The Analytical Dilemma: What Then Shall We Teach? Curriculum
Monday, March 1st, 2010
01:00 - 03:00 PM Room: 311H
Michael Samide and Olujide Butler University Akinbo
Over the years, the discipline of analytical chemistry has evolved and keeps evolving with newer techniques, technologies and methodologies being developed almost at an exponential rate. Concomitantly, the body of information that could be taught in the classroom to students is also growing. However, the time available to teach the material has remained almost constant. As such, a solution must be proffered to take full advantage of this situation. We can not demand more time as this will take time away from other things that the students require for balanced academic development. In addition, we can not teach the entire library of analytical information. We must recognize the fact that there is a limit to the amount of information that the student can handle in a given semester, otherwise diminishing returns set in and learning gains drop below an optimum level.

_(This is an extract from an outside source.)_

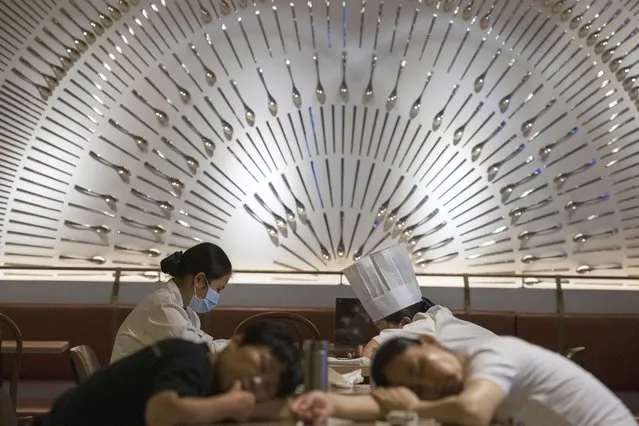 Restaurant workers nap on tables at a restaurant in a mall in Beijing on Wednesday, July 15, 2020. Small businesses around the world are fighting for survival amid the economic fallout from the coronavirus pandemic. Whether they make it will affect not just local economies but the fabric of communities. (Photo by Ng Han Guan/AP Photo)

In light of this, what amount of content is necessary to facilitate optimum learning gains? What topics should comprise the most appropriate content? Should a single set of topics be adopted by all or should we have the freedom to pick and choose from the library in order to make the most of institutional resources? Should our focus be on the raw content or on some main principles that form the foundation of analytical chemistry? If the answer to the last question centers on the main principles, then can we use different content to deliver these principles?
These and other questions will be the focus of discussion in this session. Participants in this conferee network session will be asked to share issues and concerns along with the best practices they have employed to deliver the analytical chemistry curriculum.